----- Supplied material -----

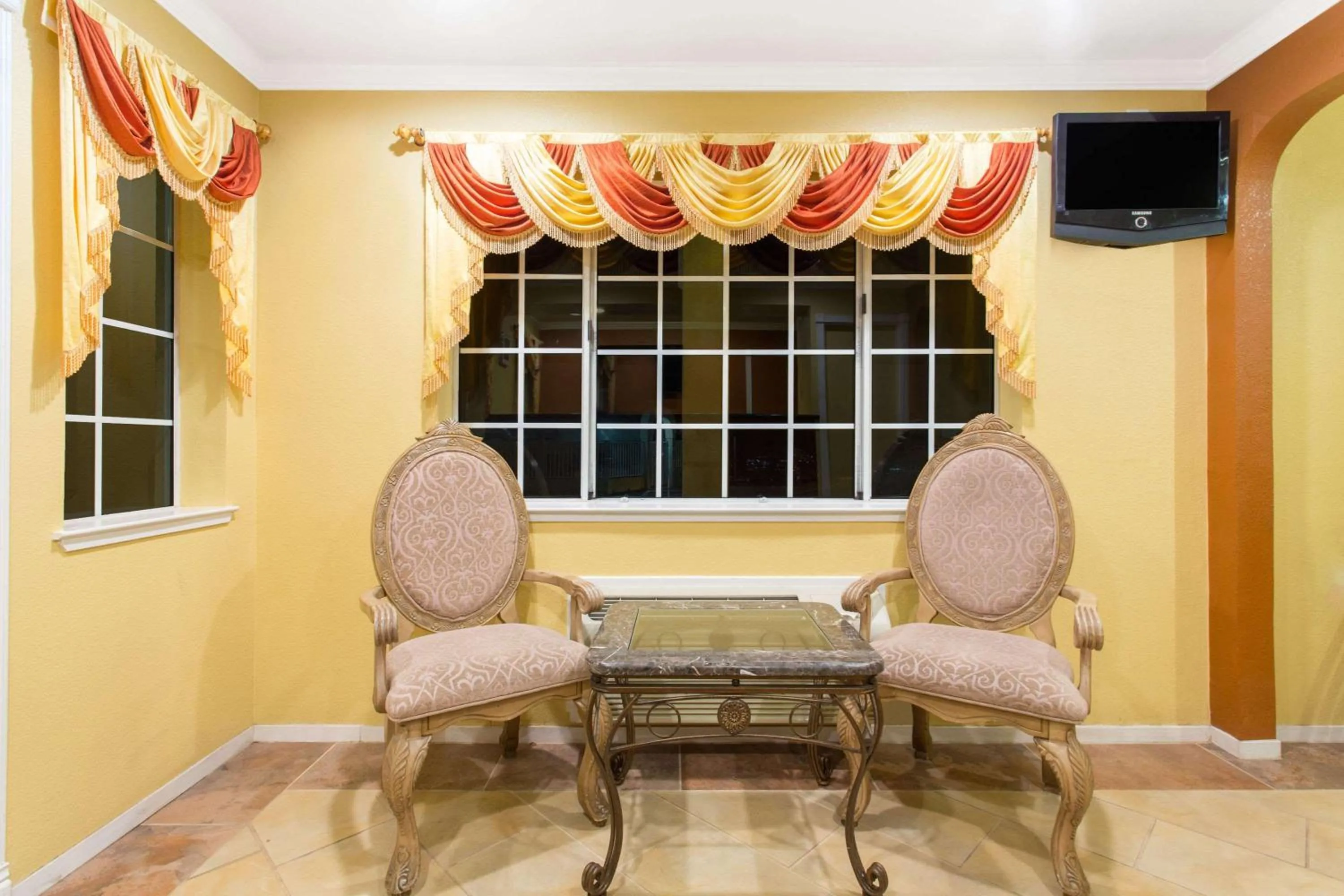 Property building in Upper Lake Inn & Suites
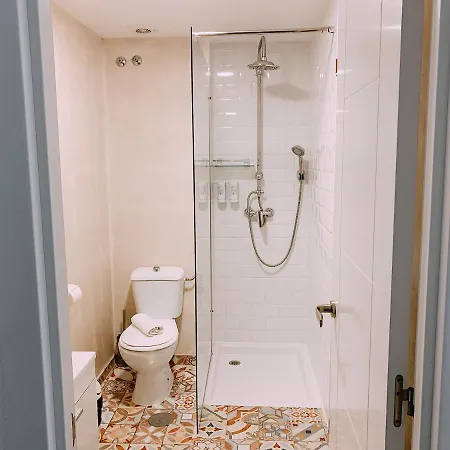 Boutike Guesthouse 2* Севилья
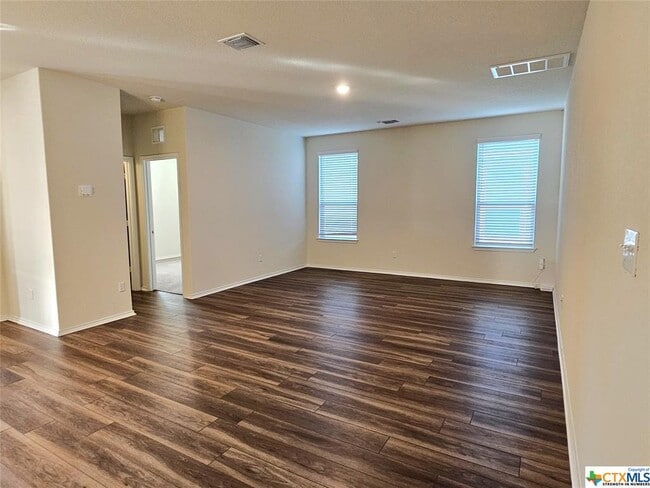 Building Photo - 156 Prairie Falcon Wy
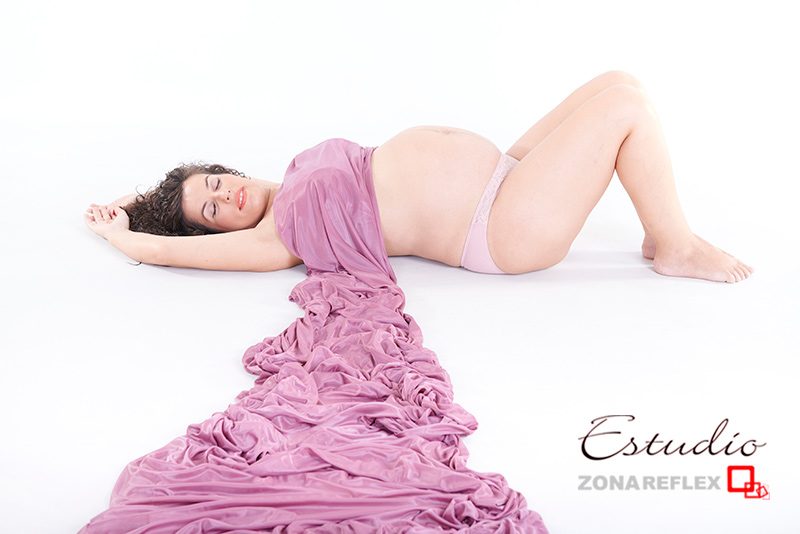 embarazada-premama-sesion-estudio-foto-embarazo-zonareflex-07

-----

What is needed: Write out the lines of the material from the one containing "Boutike Guesthouse 2* Севилья" through the last, exactly and only those. Leave every picture out.

Final answer:
 Boutike Guesthouse 2* Севилья
 Building Photo - 156 Prairie Falcon Wy
 embarazada-premama-sesion-estudio-foto-embarazo-zonareflex-07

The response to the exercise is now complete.